◆ Listed entries
========================

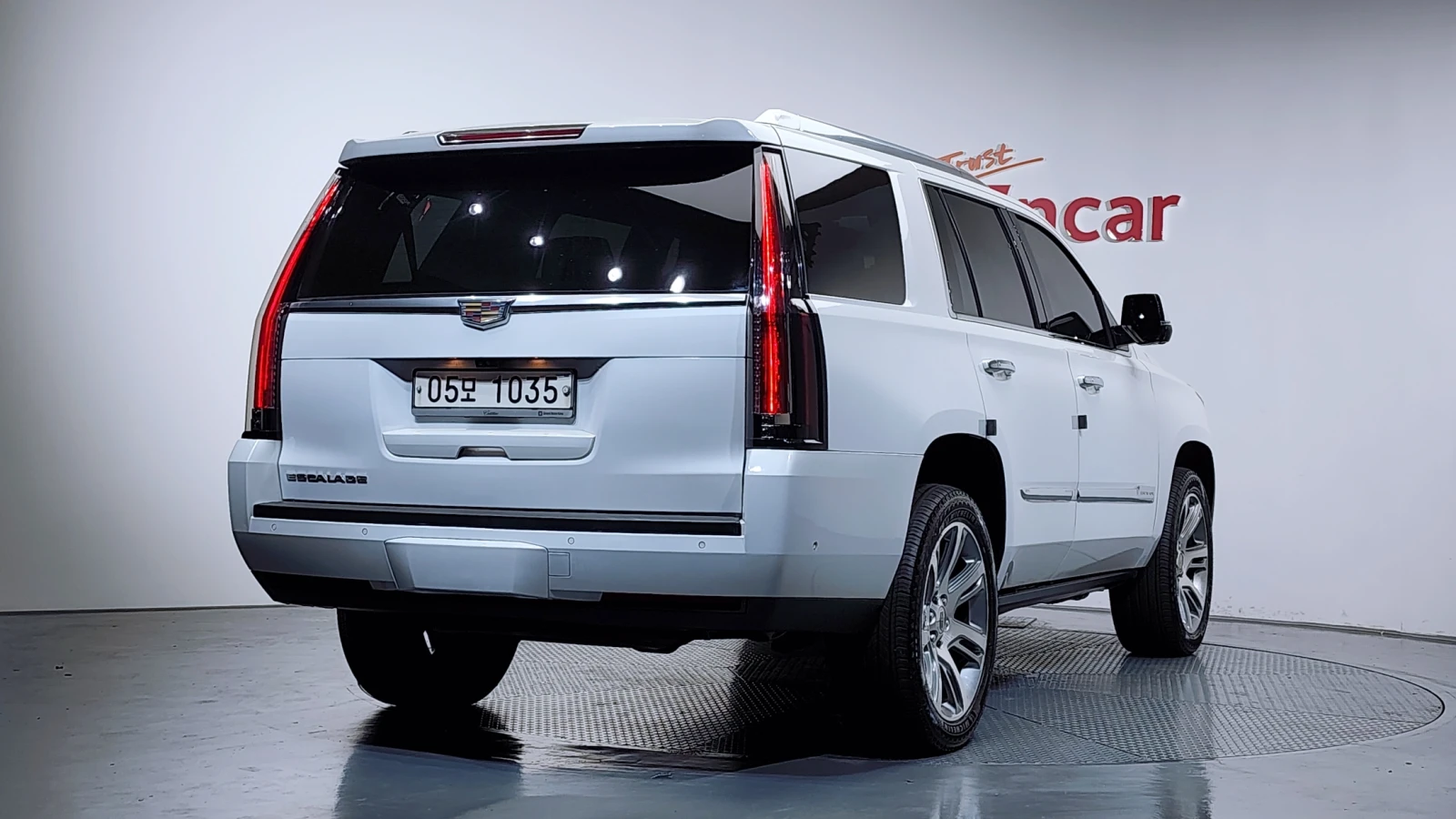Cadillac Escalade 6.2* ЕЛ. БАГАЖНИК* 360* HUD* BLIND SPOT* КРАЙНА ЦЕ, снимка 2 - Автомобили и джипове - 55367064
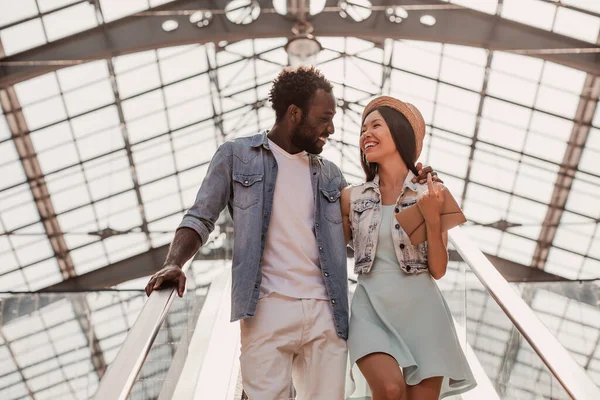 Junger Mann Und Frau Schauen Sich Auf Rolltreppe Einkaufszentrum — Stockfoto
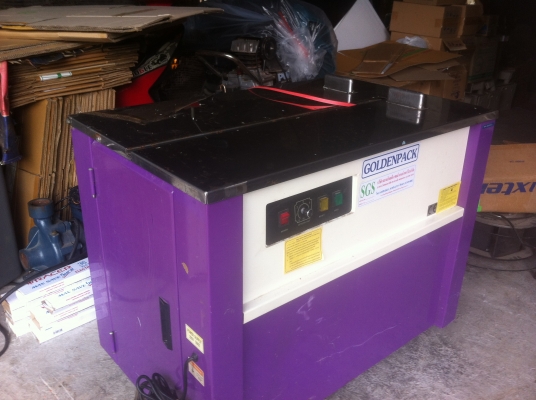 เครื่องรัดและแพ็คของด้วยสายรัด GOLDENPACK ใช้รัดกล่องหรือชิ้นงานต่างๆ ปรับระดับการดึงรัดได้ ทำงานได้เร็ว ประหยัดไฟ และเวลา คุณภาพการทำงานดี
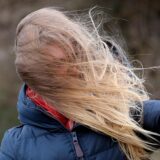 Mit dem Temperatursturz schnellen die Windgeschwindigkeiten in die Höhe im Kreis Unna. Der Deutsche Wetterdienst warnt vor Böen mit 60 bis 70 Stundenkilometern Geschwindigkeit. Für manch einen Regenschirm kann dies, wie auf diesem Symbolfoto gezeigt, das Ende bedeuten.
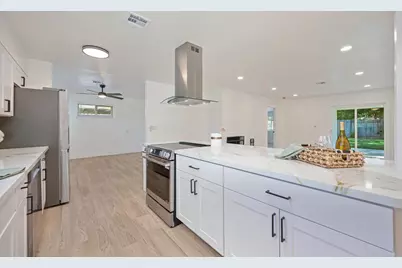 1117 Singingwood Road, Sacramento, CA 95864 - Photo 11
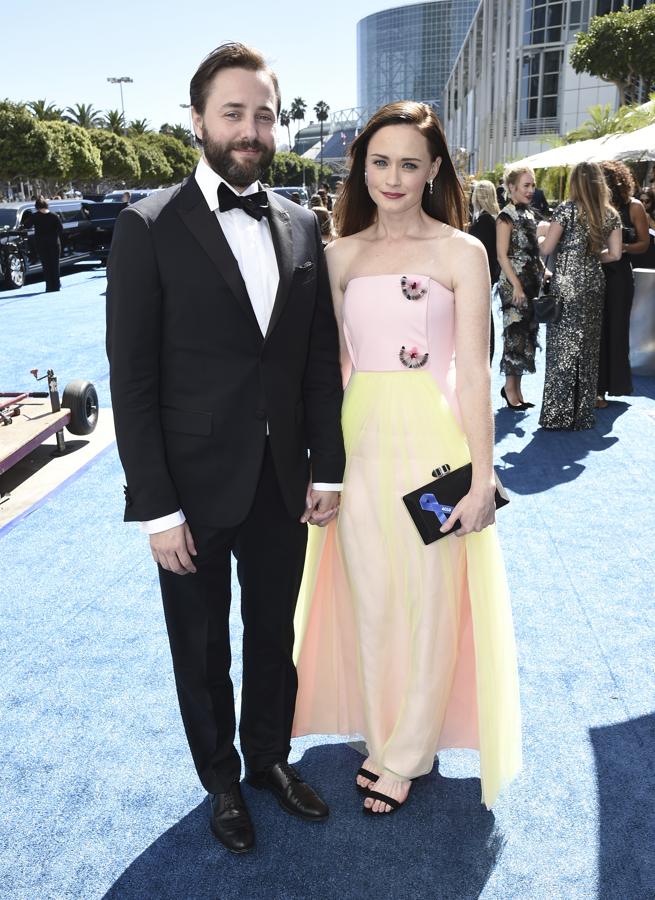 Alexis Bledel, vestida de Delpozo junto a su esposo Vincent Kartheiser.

========================

◆ Problem to solve
Write out the listing above in full, word for word, with no pictures.

◆ Your response
Cadillac Escalade 6.2* ЕЛ. БАГАЖНИК* 360* HUD* BLIND SPOT* КРАЙНА ЦЕ, снимка 2 - Автомобили и джипове - 55367064
 Junger Mann Und Frau Schauen Sich Auf Rolltreppe Einkaufszentrum — Stockfoto
 เครื่องรัดและแพ็คของด้วยสายรัด GOLDENPACK ใช้รัดกล่องหรือชิ้นงานต่างๆ ปรับระดับการดึงรัดได้ ทำงานได้เร็ว ประหยัดไฟ และเวลา คุณภาพการทำงานดี
 Mit dem Temperatursturz schnellen die Windgeschwindigkeiten in die Höhe im Kreis Unna. Der Deutsche Wetterdienst warnt vor Böen mit 60 bis 70 Stundenkilometern Geschwindigkeit. Für manch einen Regenschirm kann dies, wie auf diesem Symbolfoto gezeigt, das Ende bedeuten.
 1117 Singingwood Road, Sacramento, CA 95864 - Photo 11
 Alexis Bledel, vestida de Delpozo junto a su esposo Vincent Kartheiser.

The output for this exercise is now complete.